Exact optimization with very large networks on external machine (selected model_return = T in the params list)

We can be interested in optimizing the model exactly with a large network. In this case, we suggest to run the following commands.

model <- NetworkTargeting(
  Y = y, X = X[, c(1,2)], Z = X, 
  Z_int = X, D = D, W_0 = W_0, W_0_train = W_0, 
  cost = 0, method = 'MILP', maximum_time = 100, 
  params = list(model_return = T, verbose = F))

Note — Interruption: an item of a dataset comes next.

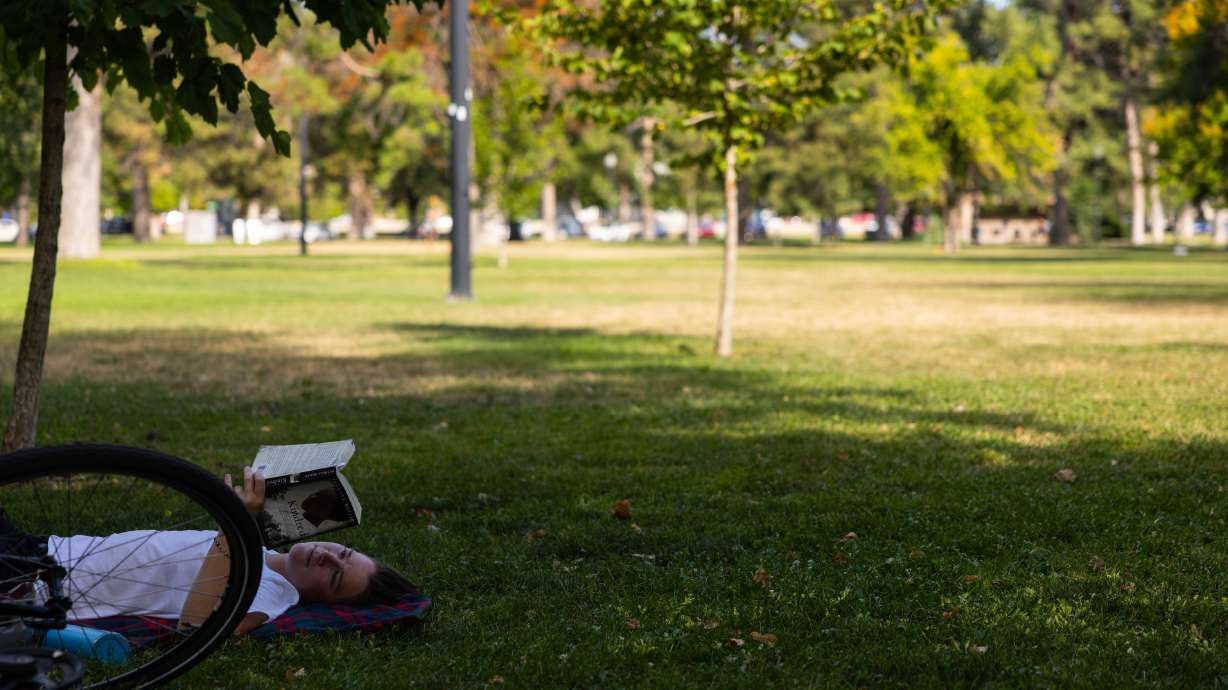 Alexa Dlouhy, 30, reads a book in the shade during a citywide heat advisory at Liberty Park in Salt Lake City on Sunday. The city could set a new record for its highest minimum temperature on Monday.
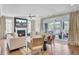 Bright living room with a fireplace, modern furniture, and seamless access to the screened porch through sliding glass doors at 2681 Park West Blvd, Mount Pleasant, SC 29466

## The function creates a Gurobi model. The model can be saved as follows: 
## Uncomment line 

# written_model <- gurobi_write(model, filename = './model.mps')

The above function saves a .mps file. The file can now be solved calling it from the shell of an external machine calling the function with the shell script:

gurobi_cl InputFile=./MS.prm ResultFile=./model.sol ./model.mps

The file MS.prm must contain the parameters. The default .prm can be found on the paper replication package available on the author’s webpage dviviano.github.io/projects.